Posted by Guest on Oct. 11, 2013 @ 10:18 pm

Maybe he should have invested in a down payment.

Posted by Guest on Oct. 11, 2013 @ 10:53 pm

Here is the link to this short video, which was donated to MAC - the Mission Anti-Displacement Coalition - and later was re-edited and used as a trailer for, Boom: The Sound of Eviction (which is still way too relevant.) ... http://youtu.be/A1ti_VFNlCc

Posted by Mission Mango Man on Oct. 12, 2013 @ 9:30 am

the more things change, the more they remain the same...

Posted by Guest on Oct. 12, 2013 @ 10:03 am

grim, squalid and down-at-heel as it was 20 years ago.

Gentrification isn't close to being a problem just because the odd building here and there gets an upgrade.

Posted by Guest on Oct. 12, 2013 @ 10:36 am

It has changed quite a bit in the last twenty years.

Posted by matlock on Oct. 12, 2013 @ 12:53 pm

24th Street has changed more, I'll admit, but is still overwhelmingly hispanic.

Posted by Guest on Oct. 12, 2013 @ 12:57 pm
Posted by racer x on Oct. 12, 2013 @ 1:12 pm

You're just going to have to make your point the old fashioned way.

Posted by Guest on Oct. 12, 2013 @ 3:53 pm

and it's a python video... the only way to make the joke is to show the video

Posted by barrier on Oct. 12, 2013 @ 4:03 pm

I'm a big python fan - who knew we had something in common?

Posted by Guest on Oct. 12, 2013 @ 4:57 pm

you should then be able to figure it out

from my intro to the link

which was, as you may recall

"Ni!"

(with which i was playing off of your misspelling of your previous subject line)

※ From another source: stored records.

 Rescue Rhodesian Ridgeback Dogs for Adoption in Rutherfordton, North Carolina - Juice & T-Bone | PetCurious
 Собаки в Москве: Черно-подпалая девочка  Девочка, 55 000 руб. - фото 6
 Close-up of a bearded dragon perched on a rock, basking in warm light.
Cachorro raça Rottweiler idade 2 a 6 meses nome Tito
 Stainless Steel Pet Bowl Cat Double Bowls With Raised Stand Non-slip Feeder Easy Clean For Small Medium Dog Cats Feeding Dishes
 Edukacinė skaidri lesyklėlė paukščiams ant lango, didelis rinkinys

Posted by racer x on Oct. 12, 2013 @ 5:09 pm

Bring me a shrubbery.

Posted by Guest on Oct. 12, 2013 @ 5:41 pm

NIce, racist choice of adjective.

Posted by Guest on Oct. 12, 2013 @ 8:43 pm

What about significant", "substantial" and "measurable"? Also racist?

You crack me up.

Posted by Guest on Oct. 13, 2013 @ 9:28 am

Greetings, Rene is actually in this short little video from the Mission ... back in 1999/2000 ... "Mission Eviction" ... http://youtu.be/A1ti_VFNlCc

Posted by Jeff Taylor on Oct. 12, 2013 @ 9:33 am

I'm so down with protecting renters from gentrification but I don't get this part of the article, "When the Museum of Modern Art rejected the work of a little-known Mexican woman, it was Yañez who gave a young Frida Kahlo a space to exhibit her paintings."

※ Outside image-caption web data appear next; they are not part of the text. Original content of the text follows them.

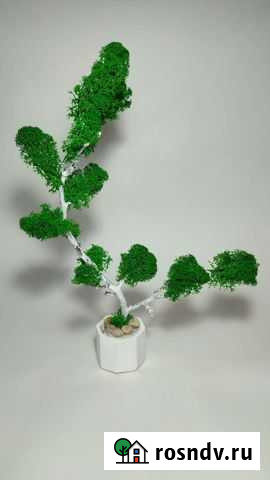 Декоративное деревце со мхом Астрахань - изображение 1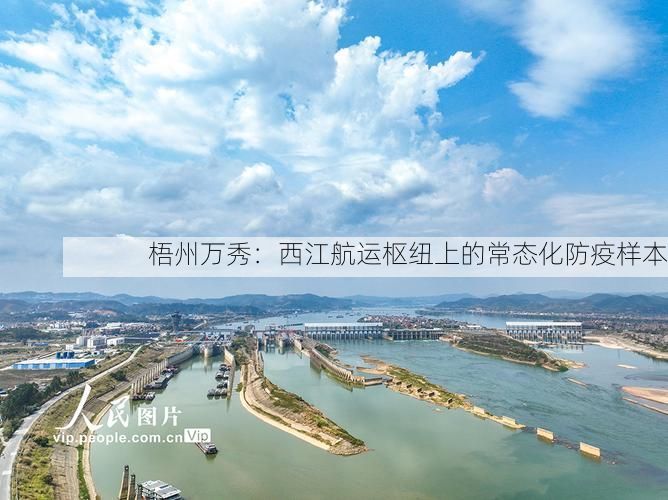 梧州万秀：西江航运枢纽上的常态化防疫样本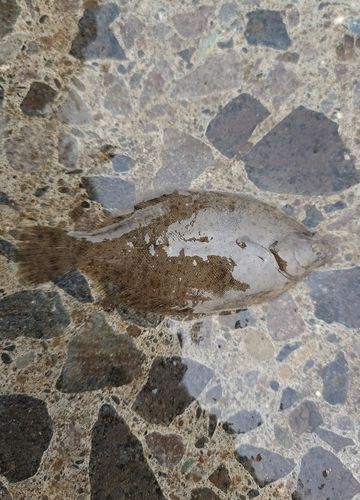 マガレイの釣果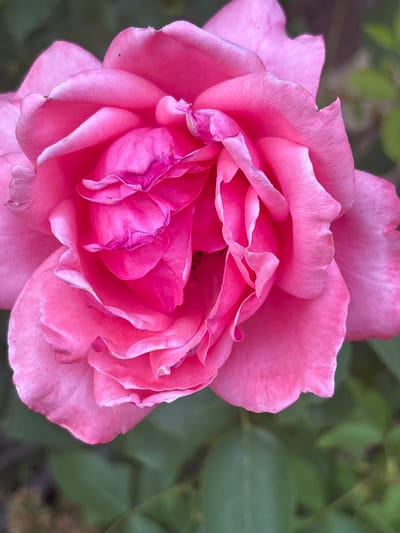 A close-up, high-angle shot captures a delicate pink rose in full bloom. The rose's petals are layered and ruffled, with soft folds and a velvety texture. The outer petals are a lighter shade of pink, while the inner petals deepen to a vibrant fuchsia. Some of the inner petals show hints of wilting or browning at the edges, adding a touch of natural imperfection. The background is softly blurred, consisting of lush green leaves and a hint of darker foliage, suggesting an outdoor setting, likely in a garden. The lighting appears soft and natural, possibly indicating daytime. There are no people or text visible in the image. The overall impression is one of natural beauty and gentle decay.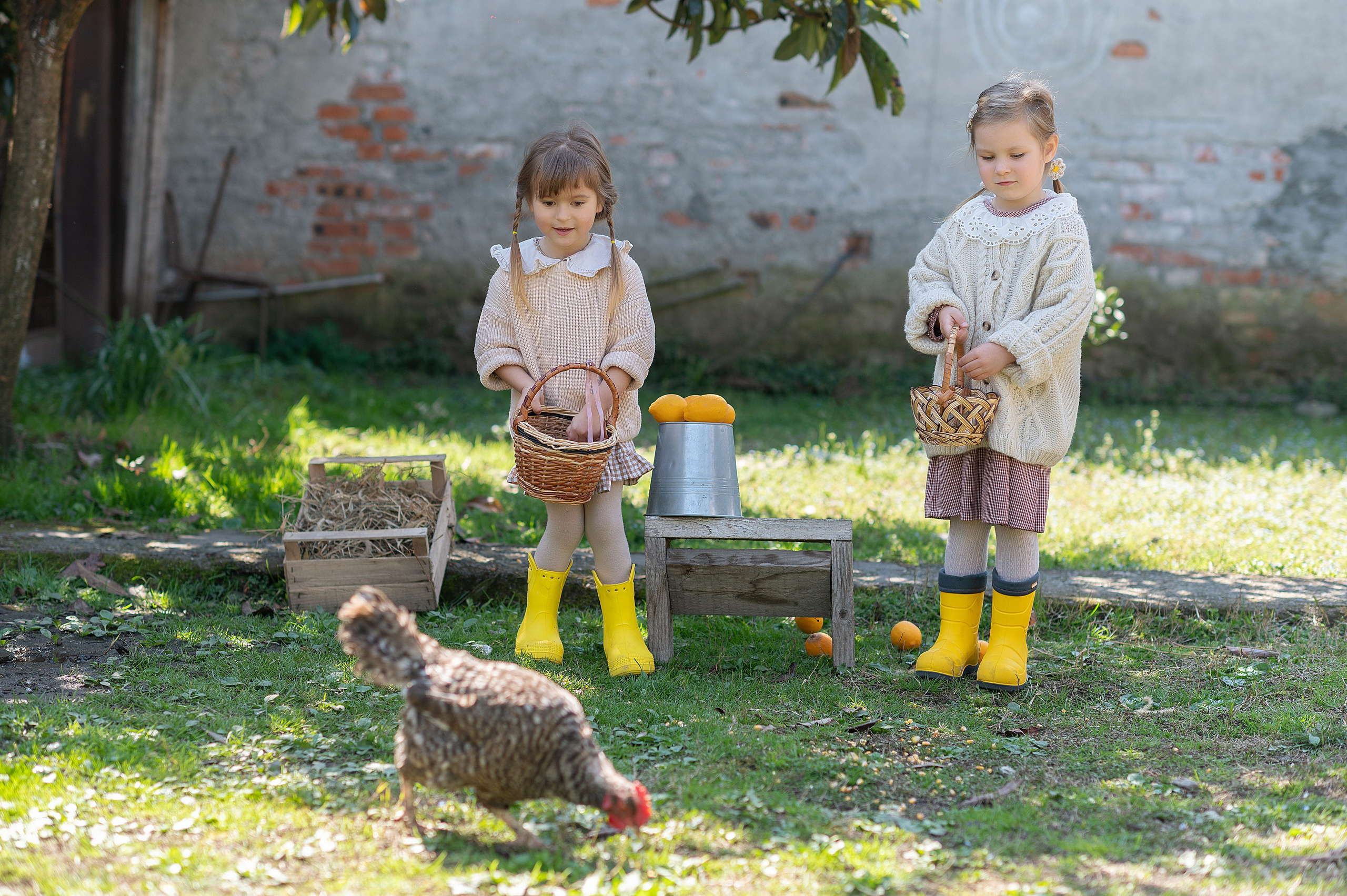 Курочки. Детский фотограф Абхазия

A young Frida Khalo? She died in her 40's in the 1950's. She came to SF in the 30's at a time when she was already getting world wide recognition. He would have to be at least 90 years old for this timeline to work out. Am I missing something here?

Posted by Guest on Oct. 12, 2013 @ 9:34 am

Propaganda and Myth-making

Posted by Guest on Oct. 12, 2013 @ 10:02 am

"A young Frida Khalo? She died in her 40's in the 1950's. She came to SF in the 30's at a time when she was already getting world wide recognition. He would have to be at least 90 years old for this timeline to work out."

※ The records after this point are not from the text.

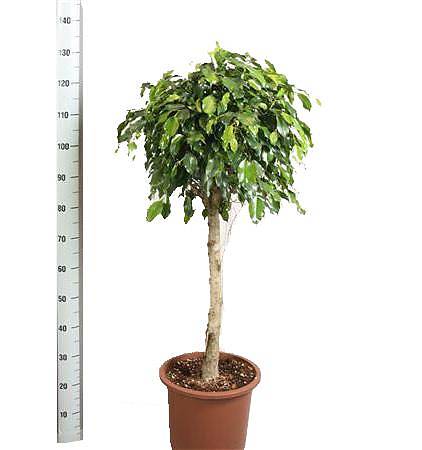 Фикус Бенджамина Даниэль штамб- Ficus Benjamina Danielle D34 H150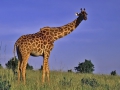 Massai Mara Nationalpark, Giraffe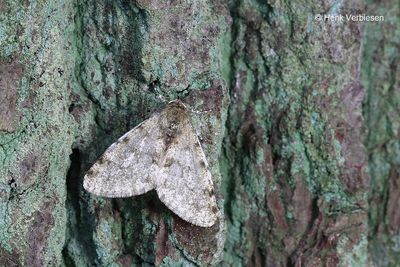 Phigalia pilosaria - Perentak 2.JPG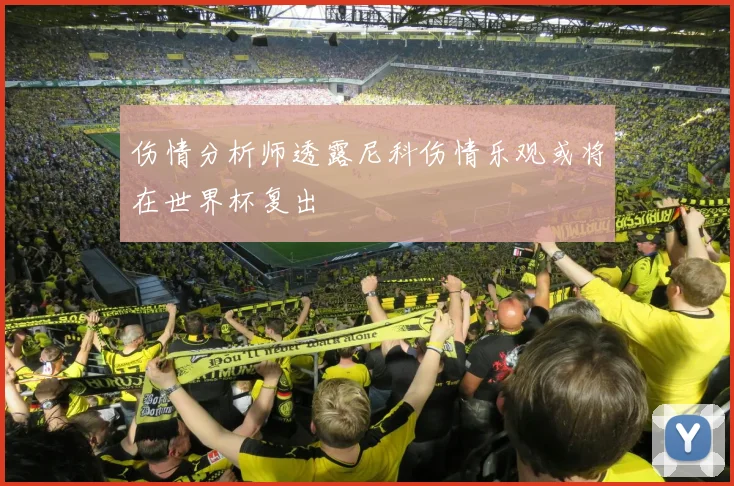 伤情分析师透露尼科伤情乐观或将在世界杯复出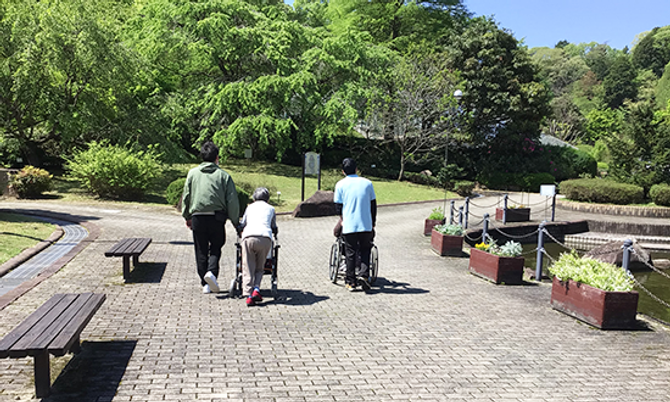 緑豊かな庭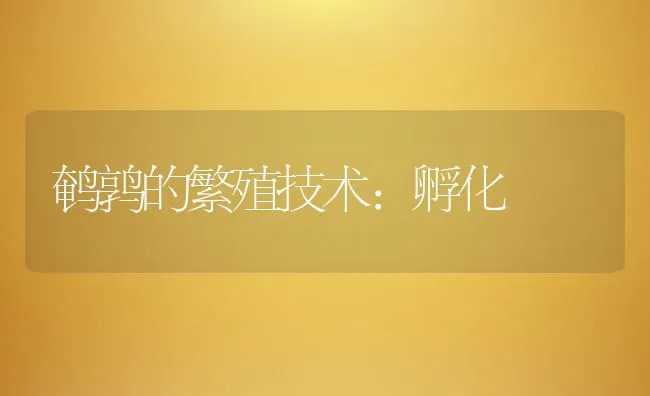 鹌鹑的繁殖技术：孵化 | 水产养殖知识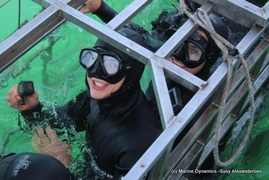 Daily Blog: 25 October 2021 | Shark Cage Diving in South Africa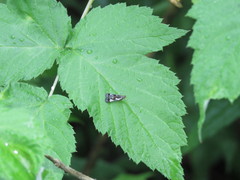 Dichomeris setosella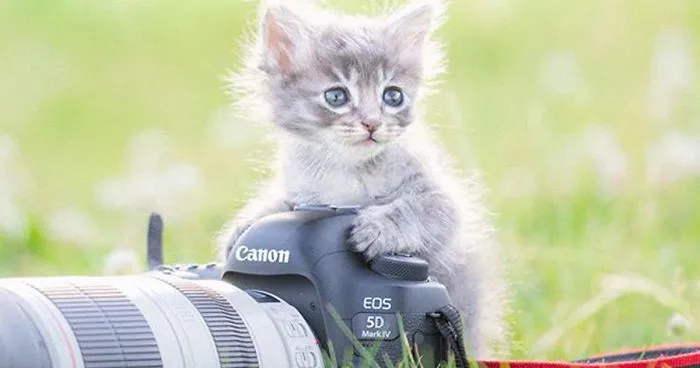 This Photographer Captures Bright And Happy Photos Of Adorable Kittens Playing With Cameras (18 Pics)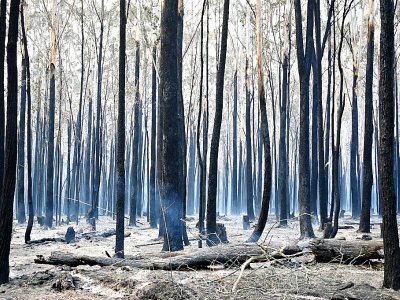 Des arbres brûlés après le passage d'un feu de brousse à Old Bar en Australie, le 10 novembre 2019 - PETER PARKS [AFP]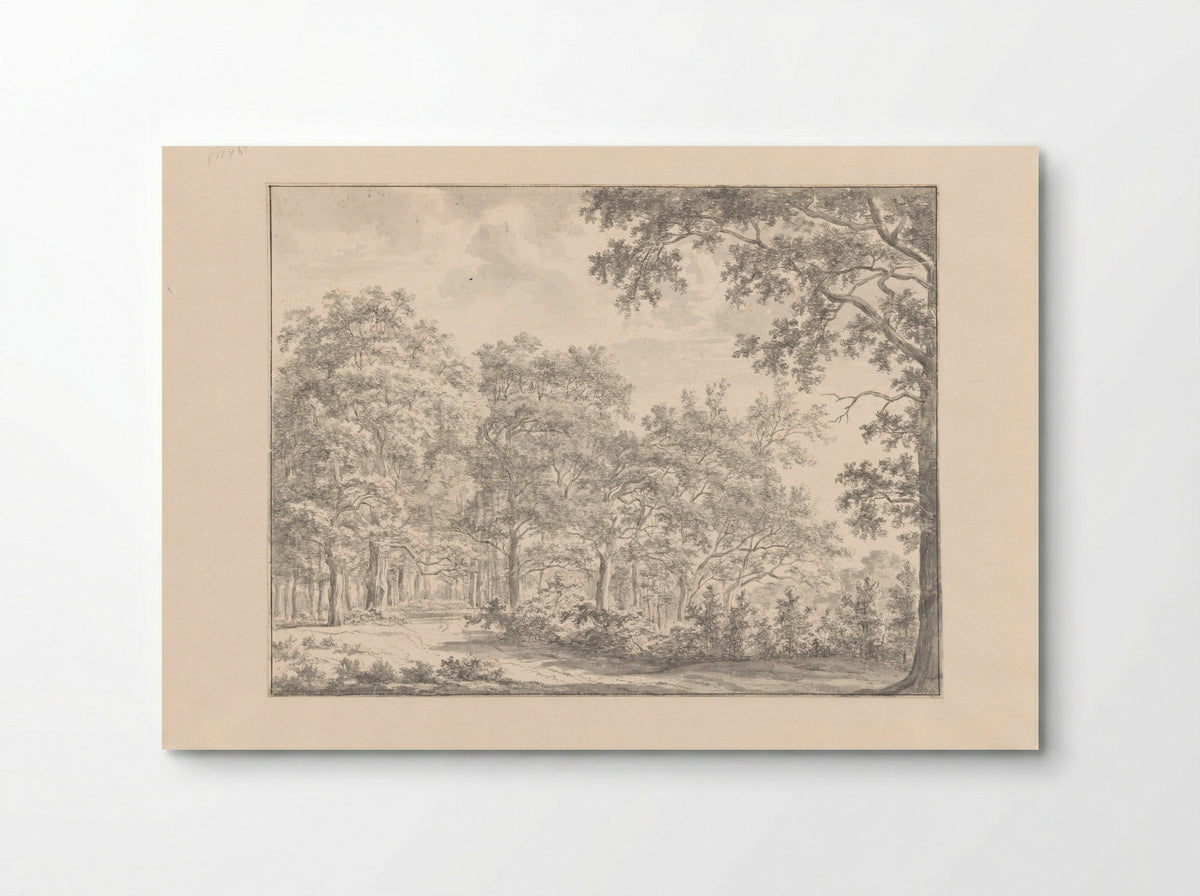 Bosgezicht (Forest View) - Jan Andries Töpfer - Poster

Making stuff up is allowed when it advances the Narrative!

Posted by LOL barrier! on Oct. 12, 2013 @ 10:12 am

She died almost 60 years ago and was, as you said, already well known in the 1930's.

So, trying to make some sense of the SFBG 'reporting', let's say that Yanez perhaps helped her with space in 1931 (even thought she didn't need the help). Assuming that he was an extremely precocious 15 years old at the time that puts his birthdate at 1916. Which makes him 97 years old today. And that is if you bend the facts to an extreme degree.

One thing about the SFBG 'reporting', it does have really good entertainment value.

Posted by Guest on Oct. 12, 2013 @ 12:47 pm

She died in 1954, so I think that if Rene Yanez had been giving a 'young Frida Kahlo' an opportunity, he likely would not have been born yet.

But I hope he can stay in his home. I saw him "roasted" (honored) at the de Young a few years ago. But even if he were unknown, this should not happen to him. This should happen to nobody.

Posted by Sue on Oct. 12, 2013 @ 8:03 pm

At least it is unlikely that Yañez will turn out to have owned a home in Portland for years, unlike one prior SFBG eviction "martyr".